The CEO Institute's Business Confidence Index fell sharply for the three months to August, with the score sinking from 30 to 3. A number below zero would represent a negative outlook.
The August report states that it is “quite possible that sentiment will turn negative in the next quarter.”
CEOs are by far the most negative in their opinions about the economy, with this indicator scoring a -39 index score, from a maximum value of 100 and a minimum of -100.
The Institute attributes the poor score to concerns about the international economy, coupled with doubts about domestic political leadership.
Respondents were more confident in prospects for increasing investment, employment and sales at their own business, although few expect this to translate to profit growth.
A closer look also shows that the depressed confidence is having a definite impact on investment and hiring decisions, the Institute said.
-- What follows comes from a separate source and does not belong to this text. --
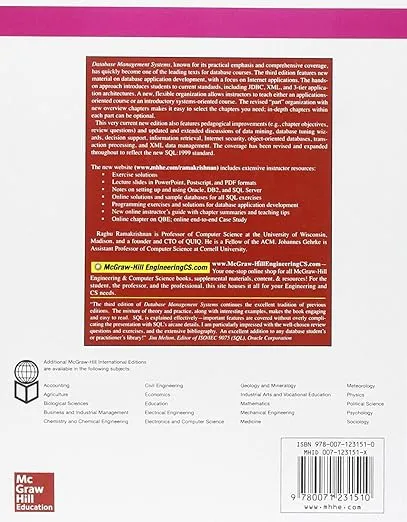 Database Management Systems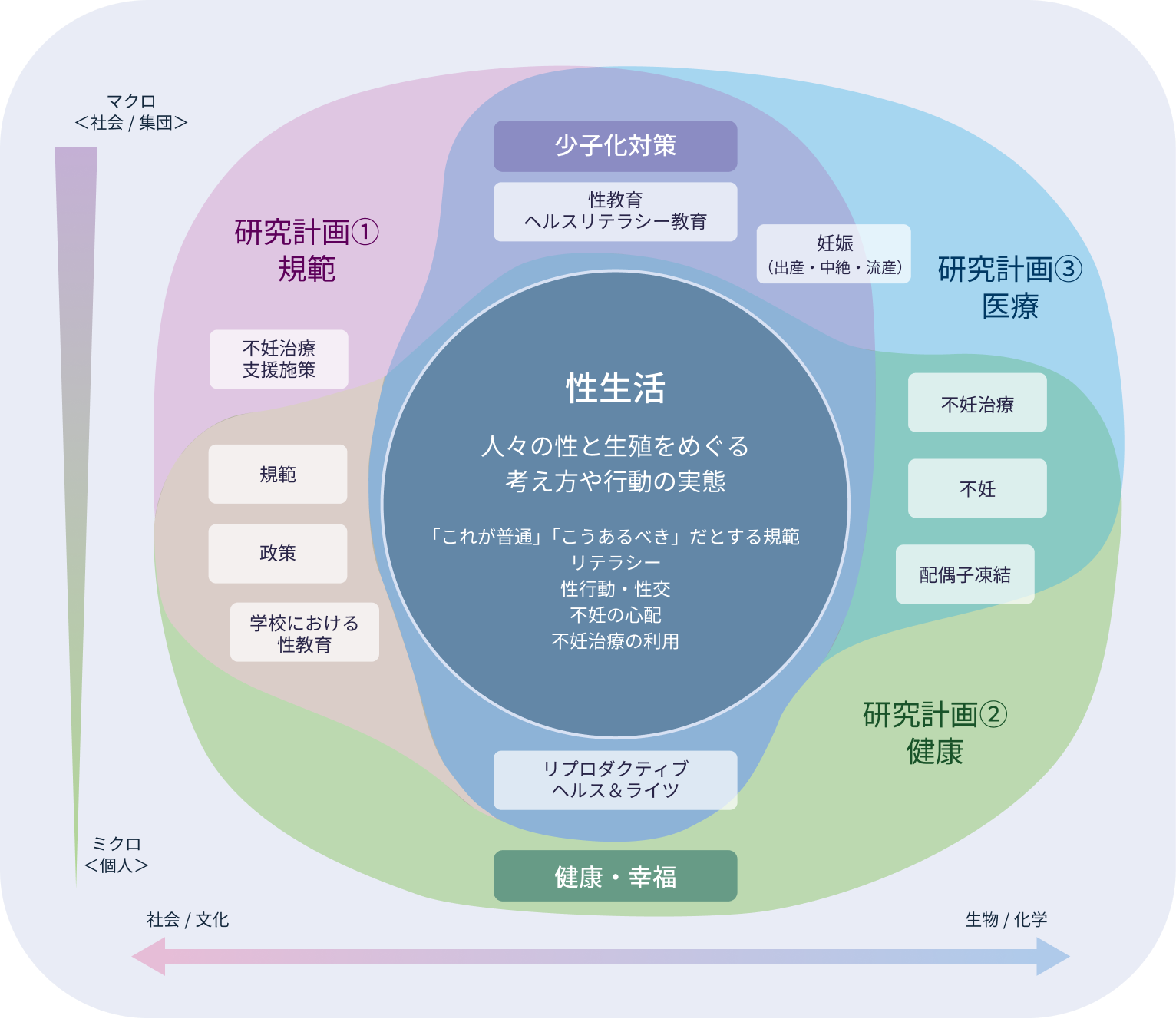持続可能な社会の構成・個々人の幸せと健康の達成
The amount of respondents indicating that they were neither likely or unlikely to hire in the next three months grew three percentage points during the quarter to 43%. For investments, this percentage grew to 62%, up from 51% a quarter earlier.
Larger companies - those with a turnover of over $100 million - are in general less confident about prospects for the economy, profits and sales than smaller entities.
Broken down by region, the Institute said the results show “little evidence of the 'two-speed economy', with Queensland and Western Australia being only marginally more positive than Victoria and New South Wales.”
But it adds that businesses appear to be facing more competition in the latter two states.
Slow consumer spending is expected to take its toll on growth going forward, with 13% of respondents stating that they expect this to be the biggest factor to impact their business in the next three months.
The lion's share of 12% of respondents meanwhile indicated that international factors had made the biggest impact in the past quarter.
“Businesses seem to have been surprised by the consumer 'strike' and ambushed by the deterioration of the international environment,” the report states.
International factors causing ongoing concerns included exchange rates, share market weakness and worries over the encroachment of a possible “second GFC.”